==== Supplied material ====

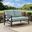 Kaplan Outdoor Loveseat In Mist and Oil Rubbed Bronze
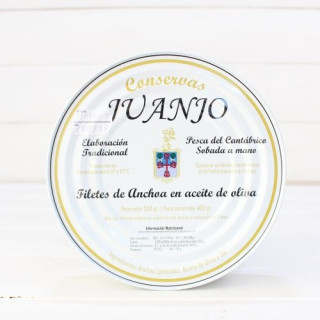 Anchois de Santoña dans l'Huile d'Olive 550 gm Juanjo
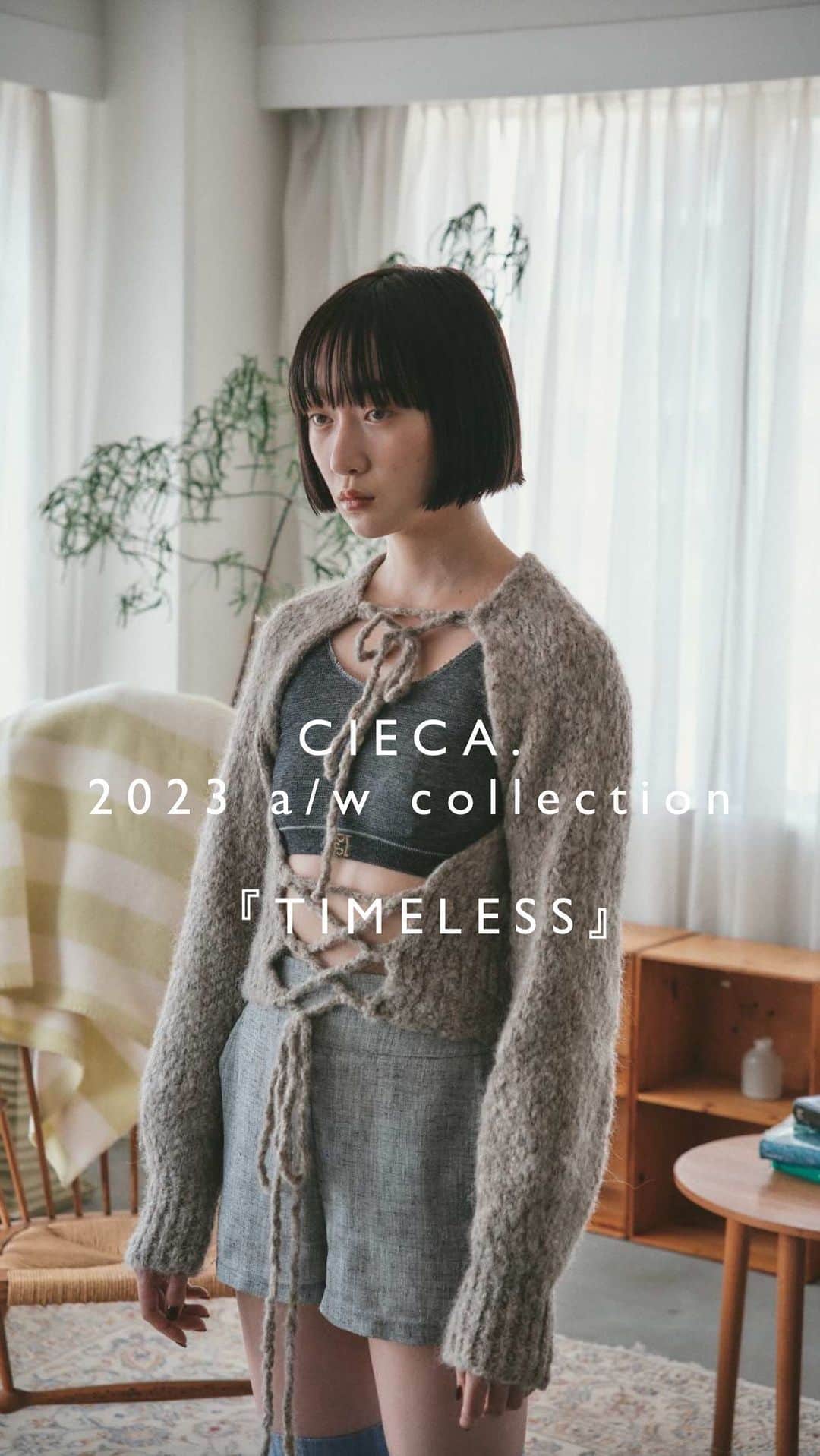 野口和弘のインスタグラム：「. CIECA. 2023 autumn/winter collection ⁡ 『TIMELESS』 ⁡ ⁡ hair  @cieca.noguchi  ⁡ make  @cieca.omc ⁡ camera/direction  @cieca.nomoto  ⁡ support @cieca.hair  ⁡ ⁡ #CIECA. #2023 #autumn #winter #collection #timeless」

====

**Task directions:** Pictures aside, reproduce all of the data exactly.

**Answer box:**
 Kaplan Outdoor Loveseat In Mist and Oil Rubbed Bronze
 Anchois de Santoña dans l'Huile d'Olive 550 gm Juanjo
 野口和弘のインスタグラム：「. CIECA. 2023 autumn/winter collection ⁡ 『TIMELESS』 ⁡ ⁡ hair  @cieca.noguchi  ⁡ make  @cieca.omc ⁡ camera/direction  @cieca.nomoto  ⁡ support @cieca.hair  ⁡ ⁡ #CIECA. #2023 #autumn #winter #collection #timeless」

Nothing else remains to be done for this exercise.